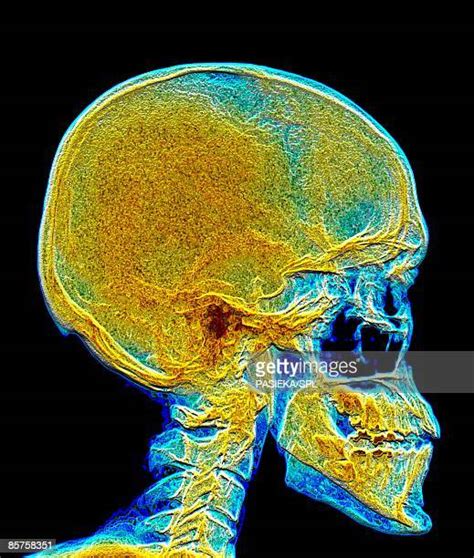 Fake Human Skull Photos And Premium High Res Pictures Getty Images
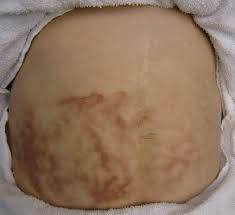 Find facts and statistics for reporting about skin cancer. Erythema Ab Igne Wikipedia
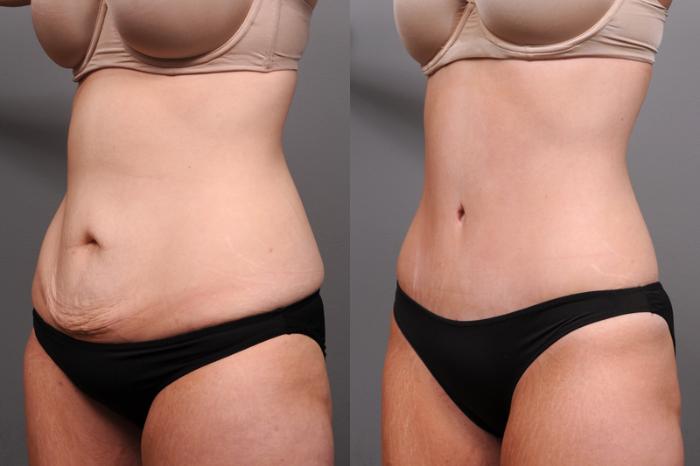 Before & After Tummy Tuck Case 182 View #4 View in New York, NY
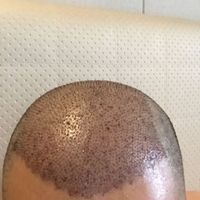 發(fā)際線用戶圖片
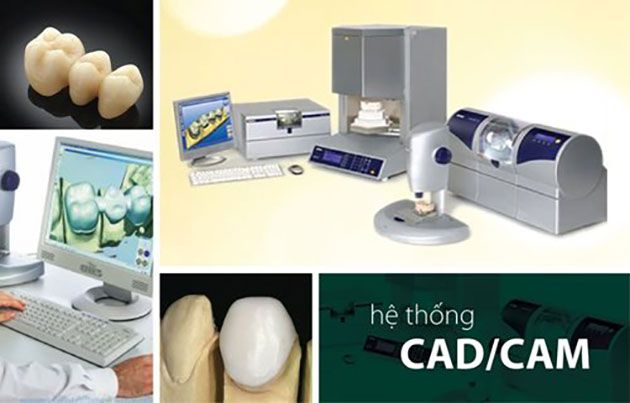 Răng sứ CAD/CAM  là gì ?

_Assignment:_ Repeat every record above exactly. Omit the pictures.

_Answer box:_
 Fake Human Skull Photos And Premium High Res Pictures Getty Images
 Find facts and statistics for reporting about skin cancer. Erythema Ab Igne Wikipedia
 Before & After Tummy Tuck Case 182 View #4 View in New York, NY
 發(fā)際線用戶圖片
 Răng sứ CAD/CAM  là gì ?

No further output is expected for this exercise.